→ **Input**:
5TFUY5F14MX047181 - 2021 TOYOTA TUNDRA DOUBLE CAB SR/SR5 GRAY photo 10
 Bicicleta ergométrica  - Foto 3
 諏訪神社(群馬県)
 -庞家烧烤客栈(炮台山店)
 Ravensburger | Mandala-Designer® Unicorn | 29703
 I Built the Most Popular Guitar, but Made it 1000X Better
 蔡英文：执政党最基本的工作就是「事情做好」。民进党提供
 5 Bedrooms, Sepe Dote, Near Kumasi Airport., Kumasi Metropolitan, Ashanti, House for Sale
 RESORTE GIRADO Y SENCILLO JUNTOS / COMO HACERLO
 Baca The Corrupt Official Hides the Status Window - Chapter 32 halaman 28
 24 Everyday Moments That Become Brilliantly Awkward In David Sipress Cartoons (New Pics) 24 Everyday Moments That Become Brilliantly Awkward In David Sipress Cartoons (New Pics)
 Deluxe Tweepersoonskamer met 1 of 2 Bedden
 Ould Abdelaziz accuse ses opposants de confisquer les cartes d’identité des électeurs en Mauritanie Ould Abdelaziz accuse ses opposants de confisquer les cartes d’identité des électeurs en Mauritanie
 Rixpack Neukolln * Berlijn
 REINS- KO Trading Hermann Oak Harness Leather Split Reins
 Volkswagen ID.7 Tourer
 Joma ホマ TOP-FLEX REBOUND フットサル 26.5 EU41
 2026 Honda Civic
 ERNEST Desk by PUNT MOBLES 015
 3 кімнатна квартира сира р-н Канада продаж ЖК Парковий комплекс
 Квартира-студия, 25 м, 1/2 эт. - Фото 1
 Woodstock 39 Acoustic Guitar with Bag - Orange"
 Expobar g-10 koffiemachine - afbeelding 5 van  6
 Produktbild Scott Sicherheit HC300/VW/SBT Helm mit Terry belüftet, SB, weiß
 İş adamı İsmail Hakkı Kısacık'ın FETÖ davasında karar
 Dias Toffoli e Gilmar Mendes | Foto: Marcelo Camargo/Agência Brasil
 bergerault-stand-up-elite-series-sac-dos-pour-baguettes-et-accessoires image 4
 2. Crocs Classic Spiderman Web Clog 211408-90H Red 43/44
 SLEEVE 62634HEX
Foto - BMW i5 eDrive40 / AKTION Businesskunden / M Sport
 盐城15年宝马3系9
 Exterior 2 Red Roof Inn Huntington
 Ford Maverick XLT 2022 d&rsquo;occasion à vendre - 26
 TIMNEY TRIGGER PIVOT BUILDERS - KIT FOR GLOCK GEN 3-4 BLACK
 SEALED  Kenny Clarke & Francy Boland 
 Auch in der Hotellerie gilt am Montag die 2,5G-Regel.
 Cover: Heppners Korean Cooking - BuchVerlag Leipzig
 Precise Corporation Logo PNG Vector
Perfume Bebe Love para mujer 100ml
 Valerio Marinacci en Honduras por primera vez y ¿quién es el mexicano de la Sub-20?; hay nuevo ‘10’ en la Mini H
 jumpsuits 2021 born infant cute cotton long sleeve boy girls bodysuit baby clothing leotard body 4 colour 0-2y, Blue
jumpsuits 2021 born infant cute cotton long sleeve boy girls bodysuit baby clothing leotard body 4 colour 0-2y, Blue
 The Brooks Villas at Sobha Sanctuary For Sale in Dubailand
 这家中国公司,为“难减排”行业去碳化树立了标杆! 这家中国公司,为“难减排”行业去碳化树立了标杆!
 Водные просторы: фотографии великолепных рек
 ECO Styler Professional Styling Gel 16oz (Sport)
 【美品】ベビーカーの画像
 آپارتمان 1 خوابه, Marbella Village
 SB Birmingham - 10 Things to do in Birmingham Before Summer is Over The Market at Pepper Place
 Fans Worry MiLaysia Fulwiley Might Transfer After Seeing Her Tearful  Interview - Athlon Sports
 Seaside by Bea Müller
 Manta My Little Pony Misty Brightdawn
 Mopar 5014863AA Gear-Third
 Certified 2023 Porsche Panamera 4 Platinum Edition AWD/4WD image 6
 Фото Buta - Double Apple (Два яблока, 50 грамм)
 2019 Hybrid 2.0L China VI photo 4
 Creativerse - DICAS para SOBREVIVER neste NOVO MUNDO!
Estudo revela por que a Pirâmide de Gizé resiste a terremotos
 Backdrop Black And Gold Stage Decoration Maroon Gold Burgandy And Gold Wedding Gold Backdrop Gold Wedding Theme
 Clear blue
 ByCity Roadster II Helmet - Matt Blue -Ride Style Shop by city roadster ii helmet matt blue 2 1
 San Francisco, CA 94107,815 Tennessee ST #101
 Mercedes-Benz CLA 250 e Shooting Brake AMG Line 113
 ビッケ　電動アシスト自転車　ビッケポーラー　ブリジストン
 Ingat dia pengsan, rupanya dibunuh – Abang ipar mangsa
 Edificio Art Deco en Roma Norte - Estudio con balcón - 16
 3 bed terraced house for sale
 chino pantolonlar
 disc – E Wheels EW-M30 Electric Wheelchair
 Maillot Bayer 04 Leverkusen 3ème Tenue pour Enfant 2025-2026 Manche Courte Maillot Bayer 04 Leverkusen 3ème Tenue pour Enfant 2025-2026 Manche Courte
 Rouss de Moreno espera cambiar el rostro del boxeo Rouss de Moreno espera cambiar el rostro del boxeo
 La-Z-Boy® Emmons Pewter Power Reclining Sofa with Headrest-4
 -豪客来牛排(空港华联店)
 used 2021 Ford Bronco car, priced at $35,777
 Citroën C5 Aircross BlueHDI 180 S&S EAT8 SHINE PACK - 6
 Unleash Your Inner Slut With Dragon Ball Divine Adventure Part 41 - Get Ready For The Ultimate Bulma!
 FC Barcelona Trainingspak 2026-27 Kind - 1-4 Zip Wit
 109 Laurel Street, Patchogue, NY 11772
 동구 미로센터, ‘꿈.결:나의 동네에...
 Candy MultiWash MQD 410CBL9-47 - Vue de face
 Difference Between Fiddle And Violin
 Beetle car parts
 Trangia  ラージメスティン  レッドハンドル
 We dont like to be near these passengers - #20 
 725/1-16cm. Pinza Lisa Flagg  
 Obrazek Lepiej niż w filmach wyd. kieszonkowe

→ **Task**: For each line above that includes "long", make a copy.

→ **Solution to this problem**:
 jumpsuits 2021 born infant cute cotton long sleeve boy girls bodysuit baby clothing leotard body 4 colour 0-2y, Blue
jumpsuits 2021 born infant cute cotton long sleeve boy girls bodysuit baby clothing leotard body 4 colour 0-2y, Blue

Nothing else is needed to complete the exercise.